■ Records supplied ■

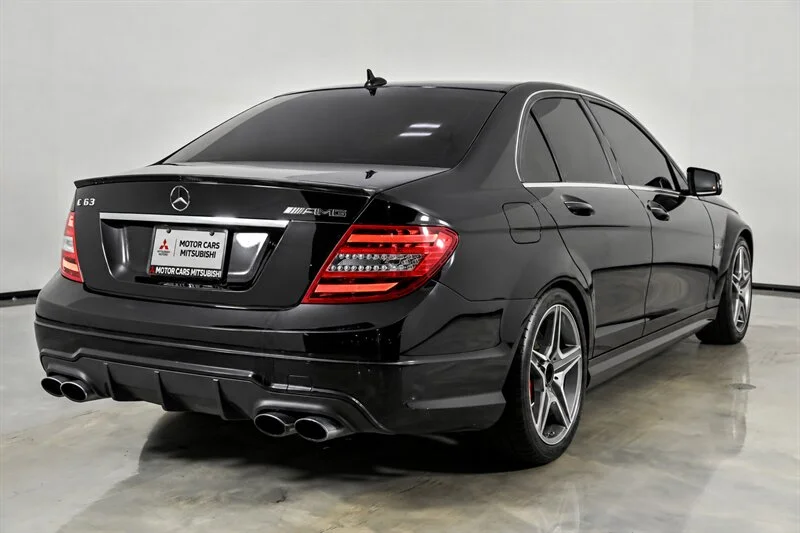 Used 2013 Magnetite Black Metallic Mercedes-Benz C 63 AMG® image 9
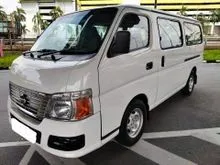 2013 Nissan Urvan 3.0 (M) Window Van 14 seat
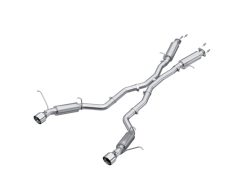 Alternative view of MBRP 2012+ Jeep Grand Cherokee SRT 6.4L 3in Dual Rear Exit Aluminized Catback Exhaust - T304 Tips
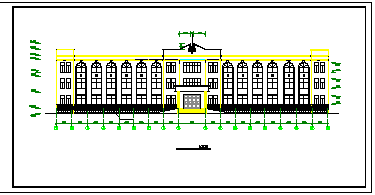 某三层医院病房楼建筑结构cad设计方案图-图一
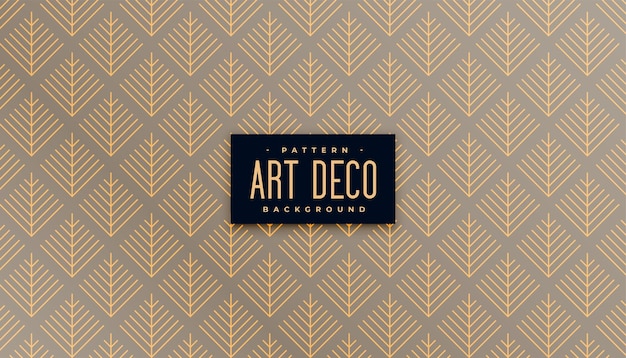 Vetor grátis vintage art deco linhas douradas pano de fundo para papel de embrulho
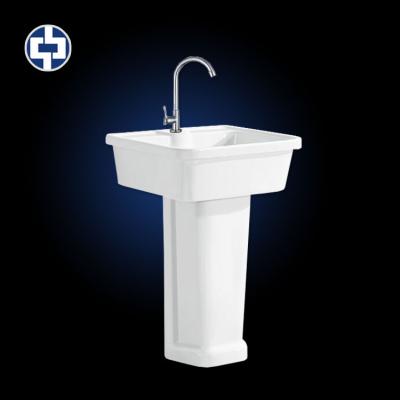 China Eco - Friendly Standing Ceramic Wash Tank Laundry Tub for sale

■ Activity ■
Please retype the lines from the one that contains "Vetor grátis vintage" through the final line of the data, both included, without any pictures.

■ Final answer ■
 Vetor grátis vintage art deco linhas douradas pano de fundo para papel de embrulho
 China Eco - Friendly Standing Ceramic Wash Tank Laundry Tub for sale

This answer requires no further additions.